Céline Dion à Nanterre : répétitions terminées, repos absolu avant le grand soir
À quelques heures de son retour tant attendu sur scène, Céline Dion a changé de rythme. Fini les répétitions à rallonge et les nuits blanches : place au repos, à la famille et à la préservation de la voix.
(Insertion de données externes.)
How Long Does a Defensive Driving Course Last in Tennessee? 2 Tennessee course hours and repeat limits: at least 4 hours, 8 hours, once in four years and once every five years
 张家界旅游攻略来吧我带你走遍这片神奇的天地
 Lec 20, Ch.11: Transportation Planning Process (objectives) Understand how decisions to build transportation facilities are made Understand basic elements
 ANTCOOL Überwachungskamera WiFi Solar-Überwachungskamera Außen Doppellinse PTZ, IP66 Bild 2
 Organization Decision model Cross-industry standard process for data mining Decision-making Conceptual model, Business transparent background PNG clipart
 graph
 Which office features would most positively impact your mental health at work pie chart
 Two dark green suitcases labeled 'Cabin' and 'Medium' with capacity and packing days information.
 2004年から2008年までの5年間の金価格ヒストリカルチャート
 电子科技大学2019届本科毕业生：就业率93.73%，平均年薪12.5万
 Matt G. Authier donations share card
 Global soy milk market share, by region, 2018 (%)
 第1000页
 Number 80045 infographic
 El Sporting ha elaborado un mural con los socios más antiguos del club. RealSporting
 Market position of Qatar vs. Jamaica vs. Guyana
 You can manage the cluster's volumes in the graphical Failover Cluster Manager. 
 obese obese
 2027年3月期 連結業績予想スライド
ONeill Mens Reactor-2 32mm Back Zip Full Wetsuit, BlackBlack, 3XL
La diva québécoise s’apprête à lancer sa résidence à la Plénitude Arena de Nanterre, et la pression monte d’un cran pour celle qui n’avait plus foulé une scène française depuis des années.
Selon les informations rapportées par Le Parisien, l’artiste de 58 ans et ses équipes ont mis les bouchées doubles jusqu’au bout de la nuit de mercredi, travaillant jusque vers 2 heures du matin pour peaufiner les derniers détails. Mais désormais, le mot d’ordre est clair : on ne répète plus, on ne chante plus. Un silence stratégique avant le grand soir, que ses admirateurs guettent avec impatience.
Une répétition générale à huis clos pour verrouiller chaque détail
Pour que tout soit parfait, Céline Dion a misé sur une répétition générale grandeur nature, exécutée à huis clos dans les conditions exactes du spectacle. L’objectif était simple mais exigeant : enchaîner l’intégralité du show pour s’assurer que chaque note, chaque éclairage et chaque transition frôlent la perfection. Un marathon nocturne qui vient couronner deux semaines d’un travail intensif mené sur place.
Arrivée tout droit de Las Vegas le 28 août, la star avait foulé pour la toute première fois la scène de la Plénitude Arena trois jours plus tard. Une arrivée qui a lancé le décompte d’une résidence événement, attendue par des milliers de fans. Ce samedi 12 septembre 2026, près de 35 000 personnes sont attendues pour le premier show d’une longue série dans l’Hexagone.
Un spectacle de plus de deux heures, réglé comme du papier à musique
Pas à pas, ces sessions de travail ont permis de régler au millimètre une superproduction de plus de deux heures. Sur scène, la diva sera épaulée par 18 musiciens et quatre choristes, autour d’une trentaine de tubes incontournables. Un dispositif impressionnant, pensé pour offrir au public un voyage musical complet, entre grands classiques et moments d’émotion pure.
Ce niveau d’exigence n’a rien d’étonnant pour une artiste habituée aux résidences géantes de Las Vegas, où elle a enchaîné les représentations pendant des années. Mais cette fois, l’enjeu est différent : il s’agit de renouer avec le public français après une longue absence, et de prouver que la machine est parfaitement huilée.